If you run a health system or a provider organization, here is a more useful Nurses Week agenda than the cake order.
Audit how much of your nursing time is spent on tasks that do not require a clinical license. Quantify it. If the answer is north of 30 percent, that is the finding. The follow-up question is what software, workflow, or partner can absorb those tasks without compromising clinical quality.
Reexamine your CCM, RPM, and TCM operating model against the new 2026 code stack. The reimbursement floor moved up. Short-duration codes opened populations that previously were not viable. If your finance and clinical operations teams are not modeling what that means for nurse panel capacity, you are leaving both revenue and retention on the table.
Stop treating AI vendors as a replacement question and start evaluating them as an administrative shield question. The relevant test is not whether the technology is impressive. It is whether your nurses are documenting less, prioritizing better, and going home on time.
Talk to your nurses, not just at them. Ask what they want changed in the workflow this quarter. Then change one of those things by Q3. Nothing erodes trust faster than asking and not acting.
The Power of Nurses is not a campaign theme. It is the operating reality of every meaningful care intervention in American healthcare. Every value-based care contract a health system signs, every CCM and RPM revenue line on a P&L, every readmission avoided is downstream of a nurse who had the time and the tools to do the work.

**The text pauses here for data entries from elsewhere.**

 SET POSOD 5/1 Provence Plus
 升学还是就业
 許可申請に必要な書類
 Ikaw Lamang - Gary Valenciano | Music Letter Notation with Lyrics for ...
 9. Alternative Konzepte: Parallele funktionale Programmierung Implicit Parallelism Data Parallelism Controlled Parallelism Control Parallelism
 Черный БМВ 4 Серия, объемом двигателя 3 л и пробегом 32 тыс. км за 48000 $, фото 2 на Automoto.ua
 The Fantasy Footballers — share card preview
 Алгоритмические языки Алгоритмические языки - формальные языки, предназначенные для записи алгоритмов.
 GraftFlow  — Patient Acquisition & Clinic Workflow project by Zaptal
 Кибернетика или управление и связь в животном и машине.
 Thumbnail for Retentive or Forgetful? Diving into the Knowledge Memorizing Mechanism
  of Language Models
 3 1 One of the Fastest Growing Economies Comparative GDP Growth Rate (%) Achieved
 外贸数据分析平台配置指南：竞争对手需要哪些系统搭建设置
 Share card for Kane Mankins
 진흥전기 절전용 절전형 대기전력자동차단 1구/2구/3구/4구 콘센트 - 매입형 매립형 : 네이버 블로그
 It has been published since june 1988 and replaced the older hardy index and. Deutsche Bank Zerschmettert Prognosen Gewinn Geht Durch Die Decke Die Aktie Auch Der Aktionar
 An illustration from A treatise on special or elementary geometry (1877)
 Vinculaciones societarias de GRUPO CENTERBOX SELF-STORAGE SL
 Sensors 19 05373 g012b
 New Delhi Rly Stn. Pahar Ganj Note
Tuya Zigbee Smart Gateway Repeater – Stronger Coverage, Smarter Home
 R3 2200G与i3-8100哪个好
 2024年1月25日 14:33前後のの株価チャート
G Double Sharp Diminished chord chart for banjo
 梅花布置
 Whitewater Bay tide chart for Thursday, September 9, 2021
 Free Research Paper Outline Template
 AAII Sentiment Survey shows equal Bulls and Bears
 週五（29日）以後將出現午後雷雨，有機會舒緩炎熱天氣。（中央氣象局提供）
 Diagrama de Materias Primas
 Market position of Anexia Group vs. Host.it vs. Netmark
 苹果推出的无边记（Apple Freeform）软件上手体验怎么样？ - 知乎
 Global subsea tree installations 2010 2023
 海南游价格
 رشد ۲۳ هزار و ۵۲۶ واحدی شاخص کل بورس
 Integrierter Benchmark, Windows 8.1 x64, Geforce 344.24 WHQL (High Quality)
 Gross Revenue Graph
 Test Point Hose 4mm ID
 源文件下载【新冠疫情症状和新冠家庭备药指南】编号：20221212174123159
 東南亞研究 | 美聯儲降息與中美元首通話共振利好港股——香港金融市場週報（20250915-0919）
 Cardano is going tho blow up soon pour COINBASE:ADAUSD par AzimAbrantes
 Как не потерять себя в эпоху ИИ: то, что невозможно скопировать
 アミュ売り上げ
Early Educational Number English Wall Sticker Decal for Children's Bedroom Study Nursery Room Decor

Nurses Week is fine. Pizza is fine. The thank-you cards are fine. None of it is enough.
The honest tribute is structural. Build the operating model that lets the nurse be a nurse. Use AI to take everything off her plate that does not require her license. Pay her well. Listen when she tells you the workflow is broken, and fix it. Do that, and you will not need a campaign next May to remind anyone of the power of nurses. Your outcomes, your retention numbers, and your margin will already be saying it.
That is the only Nurses Week message worth sending.
Nurses Week 2026 runs May 6 to 12, with the ANA's theme The Power of Nurses anchoring the week. The data tells a harder story behind the celebration: more than half of U.S. healthcare workers plan to switch jobs in 2026, 41.5 percent of departing nurses cite burnout as the primary cause, and turnover-driven costs reach an estimated $4.6 billion annually with roughly $52,350 to replace a single bedside RN. Administrative burden, especially EHR click burden and documentation, is the consistent root cause. The honest tribute is not pizza, it is restructuring the operating model so nurses spend their time on the work only nurses can do, with AI absorbing the administrative load. Welby's model demonstrates the impact: 20 percent blood pressure reductions, 20 percent or greater blood glucose reductions in four weeks, and 5.5x adherence improvements in heart failure, all driven by RNs working inside AI-supported workflows. CMS's new 2026 RPM and RTM codes reward exactly that operating model.